The language of the law. Part Latin, part Greek, part law French, even part Anglo-Saxon. And all confusing.
Deadlines, deadlines, deadlines.
There are always so many deadlines.
And February 1 is no exception, so The Legal Genealogist is still hip- (or neck-)deep in swamp water.
But this space has been way too bare for way too long so…
Let’s go with a word of the day, raised in an email by reader Janet Anderson, who noted that she was scanning land grants given to North Carolina Revolutionary War Soldiers:
A lot of these grants start off with “Know ye that we have given and granted unto ‘name of a person’ assignee of ‘name of another person’ a private in the Continental Army…”. My question is what do they mean by “assignee”? Why is there an assignee? Is the assignor giving the grant to the assignee?
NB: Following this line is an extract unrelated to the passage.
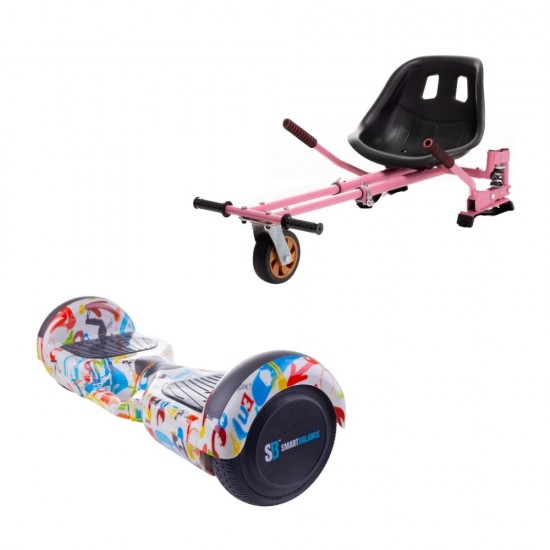 Regular Splash fogantyúval Hoverboard Szett Rózsaszín Dupla Felfüggesztésű HoverKart Üléssel - 6.5” Kerekek, Bluetooth Hangszórók, LED Fények, Önegyensúlyozás, 15km hatótávolság, 700W teljesítmény, 4Ah Samsung cellás akkumulátor, Smart Balance 1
So let’s start by making sure that we know what the underlying transaction is, and it’s called an assignment.
That’s the “act by which one person transfers to another,… the whole of the right, interest, or property which he has in any realty or personalty…”1 So to assign, in the law is to “make or set over to another; to transfer; as to assign property, or some interest therein.”2
There are always two key players in an assignment: the person who currently holds the rights, interest or property, called the assignor (“One who makes an assignment of any kind; one who assigns or transfers property”3; and the person who’s getting or going to end up with the rights, interest or property, called the assignee (“A person to whom an assignment is made”).4
And just to complicate things a little more, you’ll sometimes see a plural shortened form where some folks are called assigns. That’s just a group of assignees: “those to whom property shall have been transferred. Now seldom used except in the phrase, in deeds, ‘heirs, administrators, and assigns.’”5
What’s rarely clear on the face of a document assigning rights is why the assignment is being made. But the usual reason is simple: person A owns a right to property (real or personal) and wants to sell it to person B. So the rights are assigned — transferred over — for a cash payment.
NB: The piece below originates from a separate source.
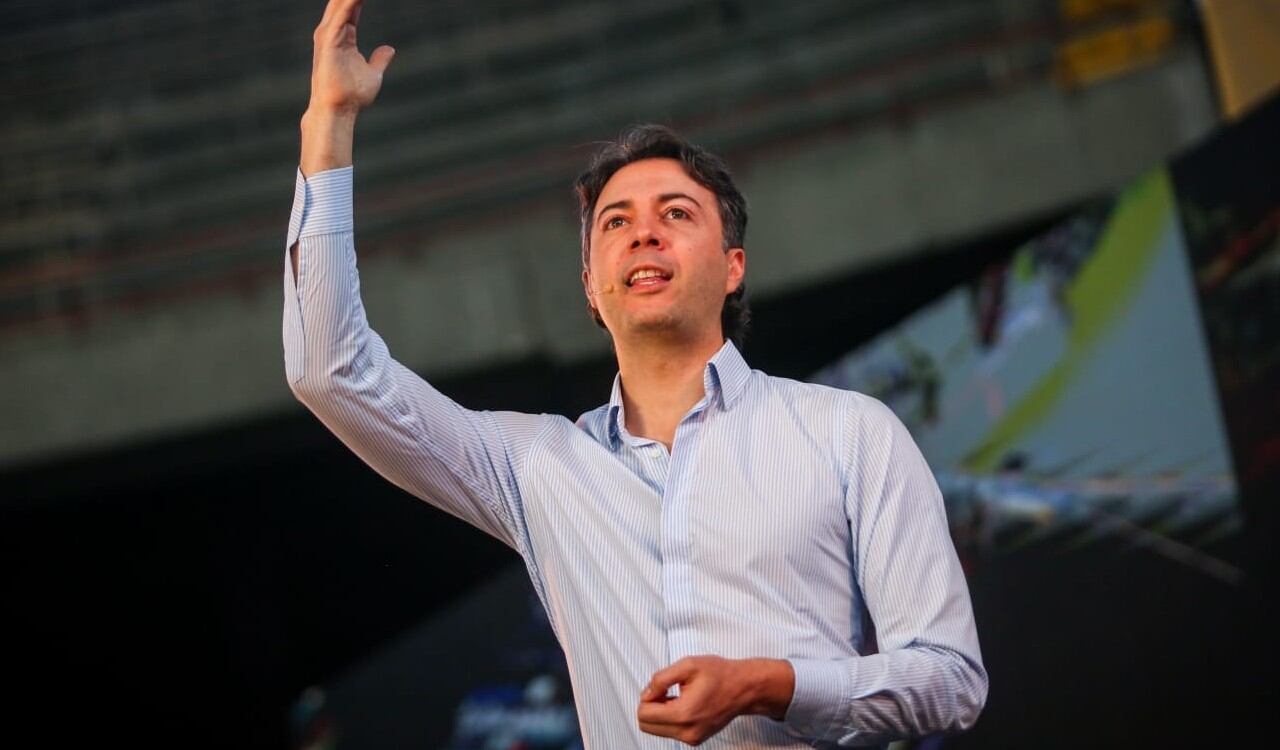 El alcalde de Medellín, Daniel Quintero, en la rendición de cuenta del 2021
That was particularly common back when land was being handed out as bounty land, either by the states, as Janet’s records may reflect, or by the federal government in later bounty land cases. The land given as a reward for military service was often located a long way from where the men and their families lived, and they weren’t all that keen to uproot and go where the land was located.
So… what to do? Assign… transfer… sell the rights to somebody who was keen to uproot, or, in many cases, to land speculators who then made the land available to others.